My eldest Brody is nearly 5. Primarily undiagnosed, he also has autism, a learning disability, epilepsy, hypotonia and hypermobility. All of these things combined means that he is unable to walk distances (we thankfully have a wheelchair), has no danger awareness and cannot talk or easily follow instructions.

My daughter Sydney is 1. She can walk and talk quite well, but she is a typical toddler. Stubborn, very much wanting to do things her way and still in need of a buggy when we’re out.

So how do I go out with them on my own? I can’t.

To be honest, it’s not even an easy task getting them in and out of the car safely on my own sometimes.

I can’t push a wheelchair and a buggy at the same time. Brody is too big for a double buggy and they would take great delight in walloping each other if they did sit next to each other anyway.

I can’t do simple things like walking them round the block because if Brody refuses to walk, which he often does because he gets tired legs or just doesn’t want to, I can no longer carry him.

In a park or soft play, Brody has no danger awareness whatsoever and Sydney is still so little. I can’t leave them to play on equipment unsupervised.

Supermarket trolleys (and I am eternally grateful for the Firefly GoTo ones trust me) only fit one child, so the supermarket is out of the question.

The sad thing is I don’t even feel confident anymore going to friends’ houses with the two of them. I can’t sit down and leave them to wander and I can’t follow them both round when they go in different directions. Most friends don’t need stairgates anymore or don’t have to worry about things like hot drinks being grabbed or breakables being within reach.

Basically, I need to ensure that my children are safe and if I’m on my own with them being at home is the only way I can do that without help.

I am eternally grateful to Brody’s nursery because when he is there it means that both he and Sydney currently have more opportunities to do things other than being stuck in the house together playing with me (or watching YouTube and fighting).

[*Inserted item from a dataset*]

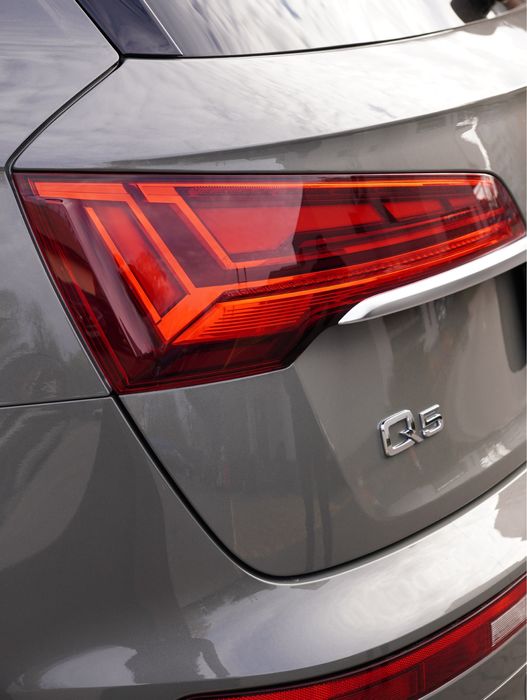 Audi Q5 2023 рік 2.0 tfsi MHEV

And when he isn’t at nursery, without my Mum I would have quite possibly lost my sanity since Sydney was born. I kid you not.

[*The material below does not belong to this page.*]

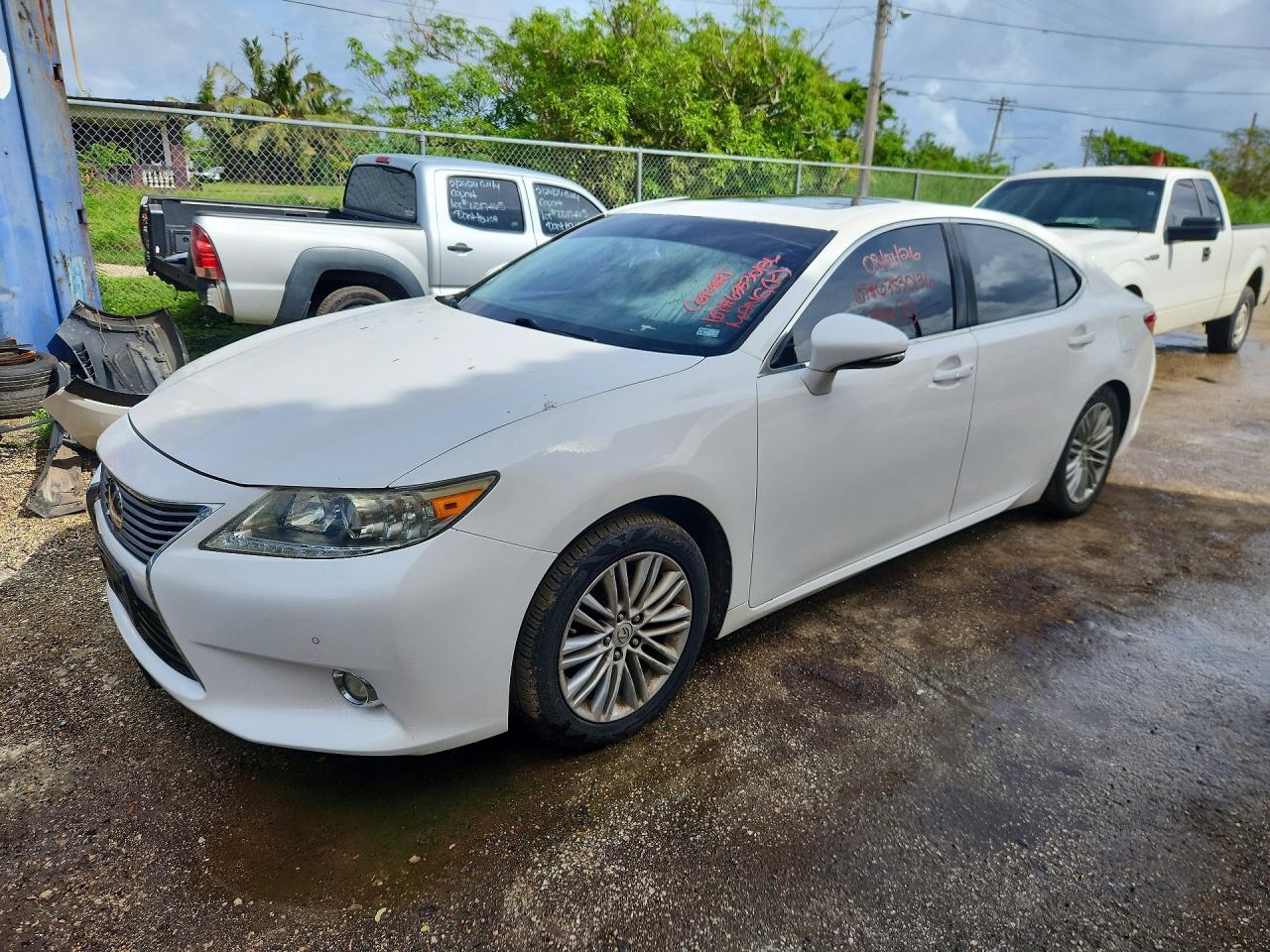 2015 LEXUS ES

At the weekend, it of course all changes when Daddy is home, but we admittedly sometimes stay at home as a family too because Brody is so unpredictable in what he likes. We like to go to as many places as possible and we don’t want them missing out on anything, but sometimes his disabilities and sensory issues, combined with not being able to tell us how he feels or what he wants, means that we can’t always keep him happy. It’s a constant guessing game. And it’s hard for everybody. We’re slowly getting better at knowing what places might and might not work – but we quite often get it wrong.

Home is our safe place. It’s our happy place too. But sometimes the situation can leave me feeling utterly useless and like a crap Mum. And it makes me feel a million times worse if people don’t get it, which a lot don’t. Or they compare it to having two typically developing children, which is always helpful when you have a 5 year old with a learning disability.

I am hopeful of course that this situation isn’t forever and one day it will get easier. Maybe Brody’s understanding will improve. And when Sydney grows older she’ll be able to walk alongside his wheelchair if need be and will thankfully have awareness of dangers and be able to understand dos and don’ts (I know she won’t always conform!).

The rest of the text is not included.